B. Assignments of Error

{¶ 9} R.H. timely appealed from the trial court's denial of her motion and asserts the following errors for our review:

1. The domestic relations court lacks subject matter jurisdiction to enter or approve a shared parenting plan between a parent and a non-parent.
2. The trial court violated the rules of construction by failing to apply the statute when it instead proceeded to interpret it as having the "spirit" of the definition of "parents" ignoring the plain meaning of the words, and consistent interpretation of the statute and essentially rewrote this statute and negatively impacted R.C. 2105.06 et seq.
3. The trial court abused its discretion in failing to grant appellant's Civ.R 60(B) request.
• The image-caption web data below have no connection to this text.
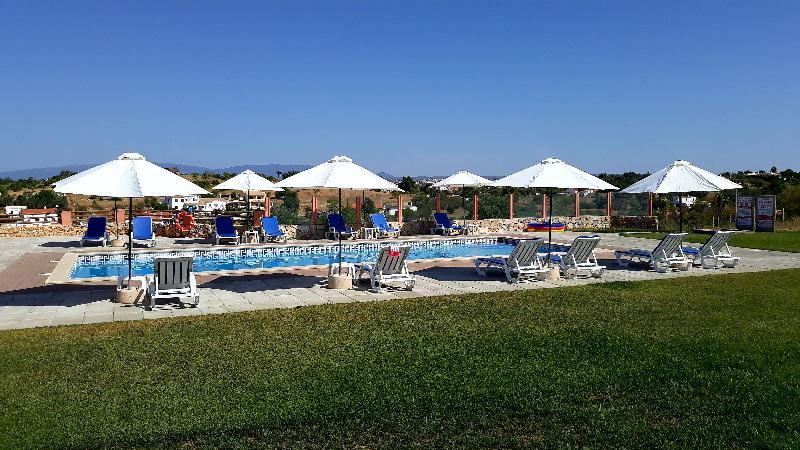 Aldeia Do Poeta - Carvoeiro Rural Luxury Villas Buitenkant foto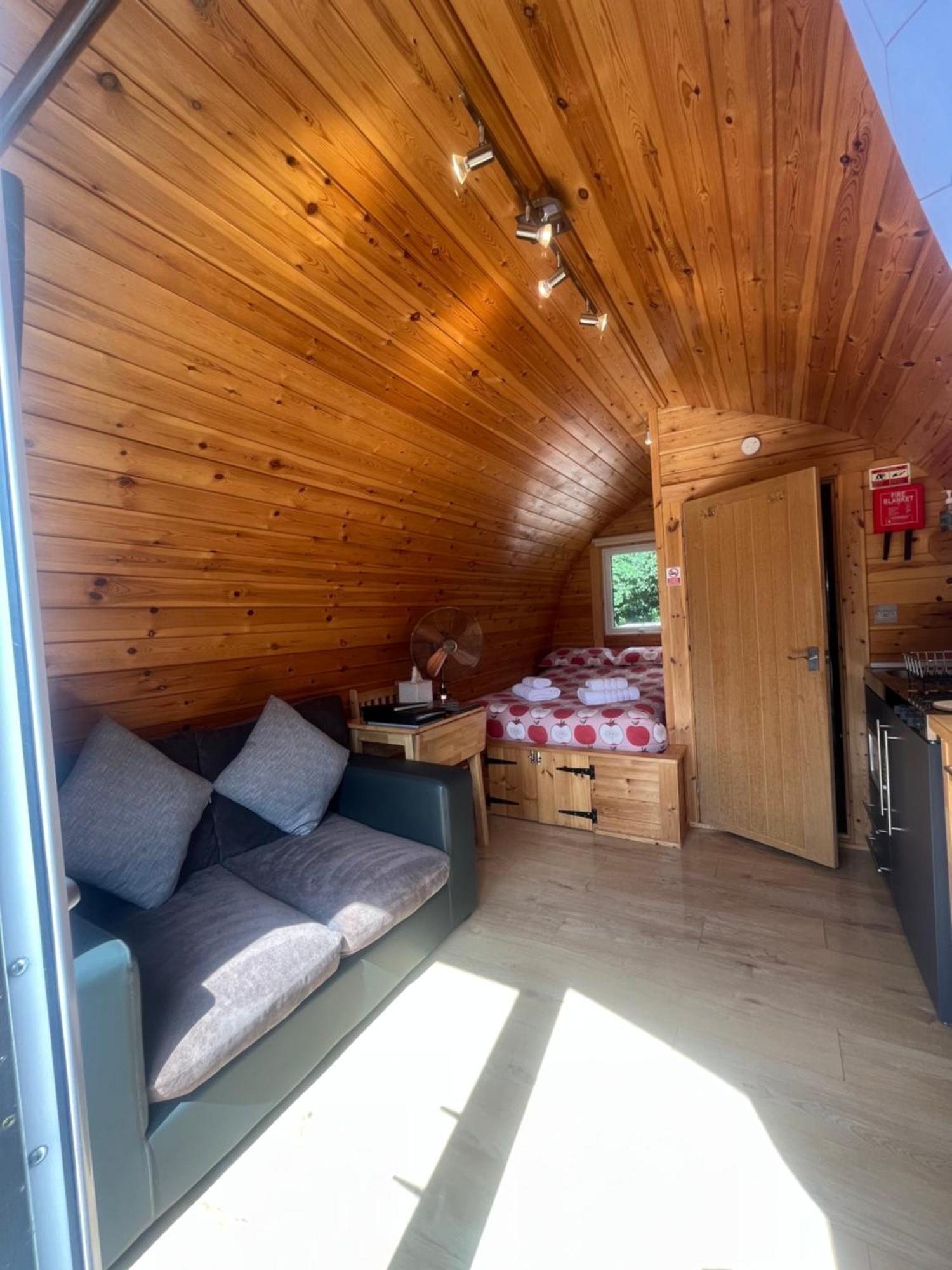 Conifer Cabins Fort William Bagian luar foto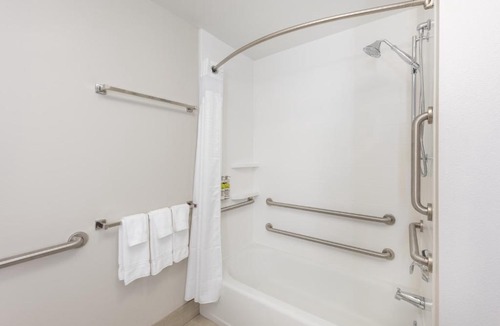 Ottawa Hotel | Holiday Inn Express & Suites - Ottawa by IHG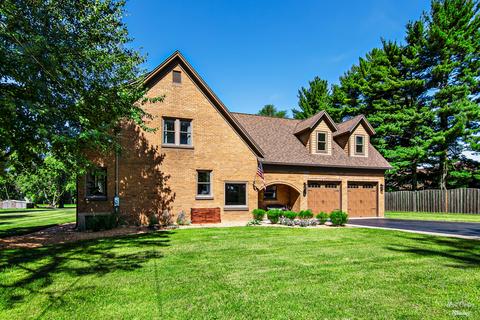1604 Longview Dr, Algonquin, IL 60102 photo 2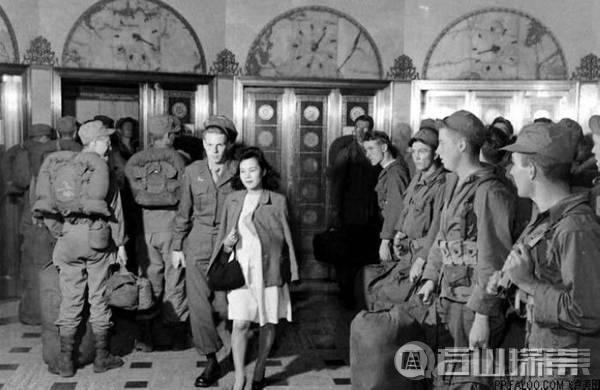 刚刚进驻日本的一群美军士兵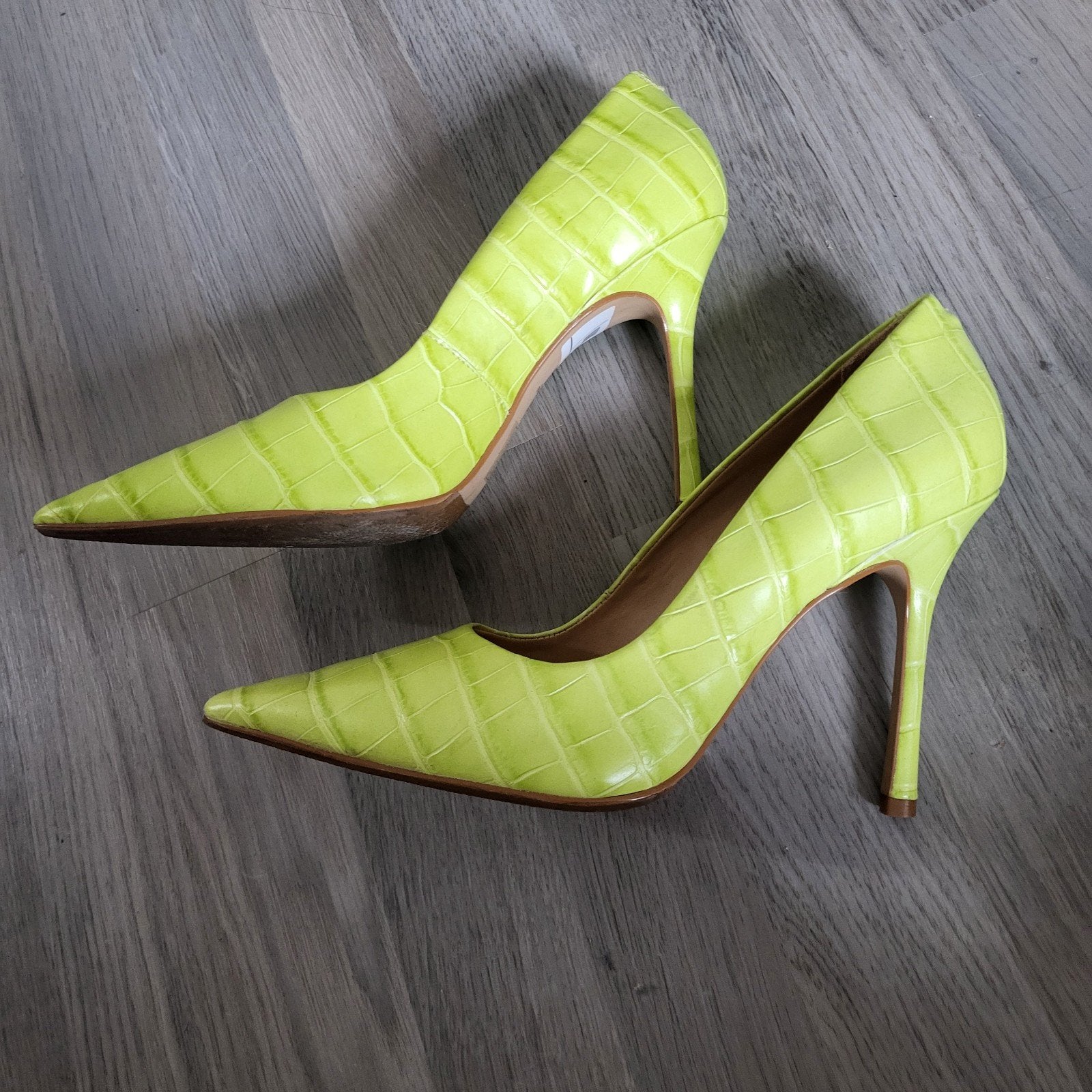 dune london lime pumps maat 40, Kleding | Dames, Ophalen of Verzenden, Zo goed als nieuw, Groen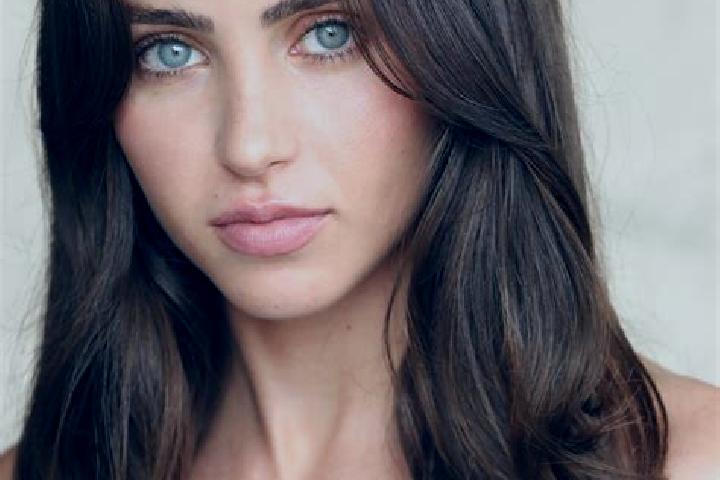 Ava, 29, a brunette blue-eyed mediterranean companion based in Funagata. Offering BDSM, Couples, Duos, Striptease. Available for incall and outcall, overnigh...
Because our review of the trial court's denial of appellant's Civ.R. 60(B) motion informs our review of the trial court's denial of appellant's motion to vacate the judgment, we address R.H.'s third assignment of error first.

II. LAW AND ANALYSIS

A. The trial court did not err in denying R.H.'s motion for relief from judgment based on an alleged mistake as described in Civ.R. 60(B)(1).

{¶ 10} In her third assignment of error, R.H. argues that the trial court abused its discretion in denying her Civ.R. 60(B) motion for relief from judgment. Specifically, she argues that the parties mistakenly represented to the trial court that M.W. was J.W.'s "parent," resulting in the trial court's incorporation of the parties' agreed shared parenting plan into its judgment. Since Ohio law does not permit any trial court to approve a shared parenting plan between a parent and a nonparent, she argues that the trial court's judgment was based on that mistake and that she was entitled to relief from that judgment pursuant to Civ.R. 60(B)(1). We disagree.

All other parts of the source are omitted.